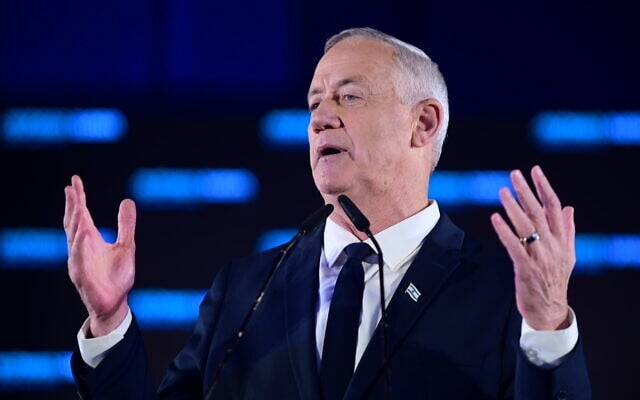 National Unity's Benny Gantz at the launch of the party's campaign for the upcoming elections on September 6, 2022. (Tomer Neuberg/Flash90) National Unity's Benny Gantz at the launch of the party's campaign for the upcoming elections on September 6, 2022. (Tomer Neuberg/Flash90)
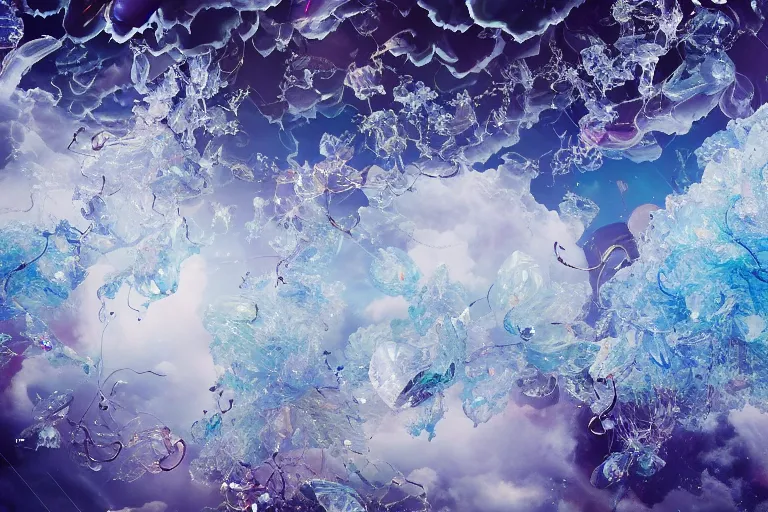 Image similar to simplicity, a huge flock of many ornate translucent puffy filigreed clouds tangled into large whirling ultra detailed clumps of crystal specimens, abstract environment, playful, award winning art, epic dreamlike fantasy landscape, ultra realistic,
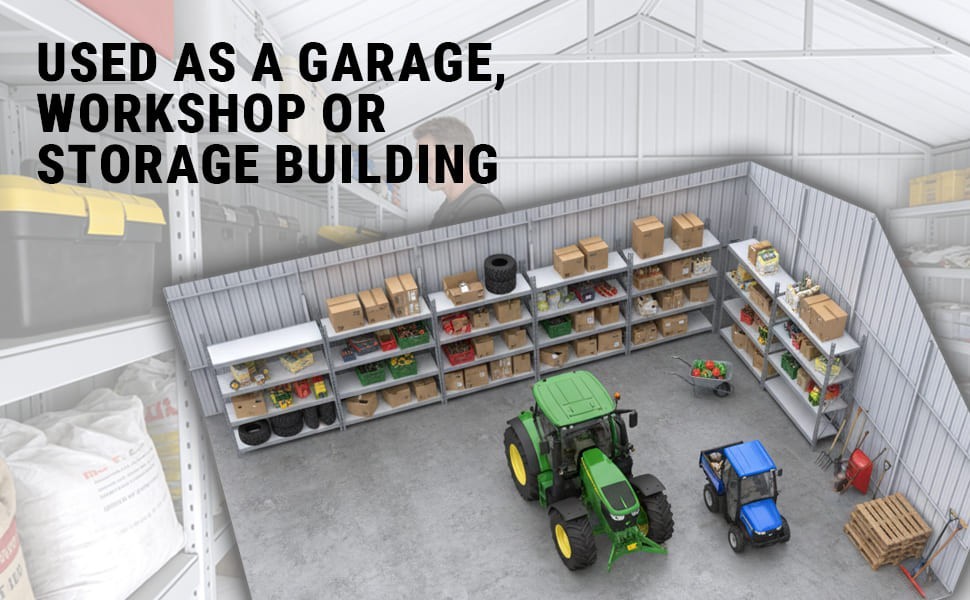 42’x30’x13′ Metal Garage Shed Barn Outdoor Storage Heavy Duty Galvanized Steel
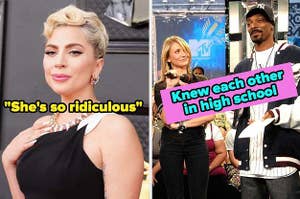 Lady Gaga with a quote that she's so ridiculous side by side with cameron diaz and snoop dogg with the fact that they knew each other in high school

## TASK OBJECTIVE
What you need to copy is the run of lines from the one holding "Image similar to" through the end of the data, exactly and only, both ends included, pictures omitted.

## YOUR SOLUTION
 Image similar to simplicity, a huge flock of many ornate translucent puffy filigreed clouds tangled into large whirling ultra detailed clumps of crystal specimens, abstract environment, playful, award winning art, epic dreamlike fantasy landscape, ultra realistic,
 42’x30’x13′ Metal Garage Shed Barn Outdoor Storage Heavy Duty Galvanized Steel
 Lady Gaga with a quote that she's so ridiculous side by side with cameron diaz and snoop dogg with the fact that they knew each other in high school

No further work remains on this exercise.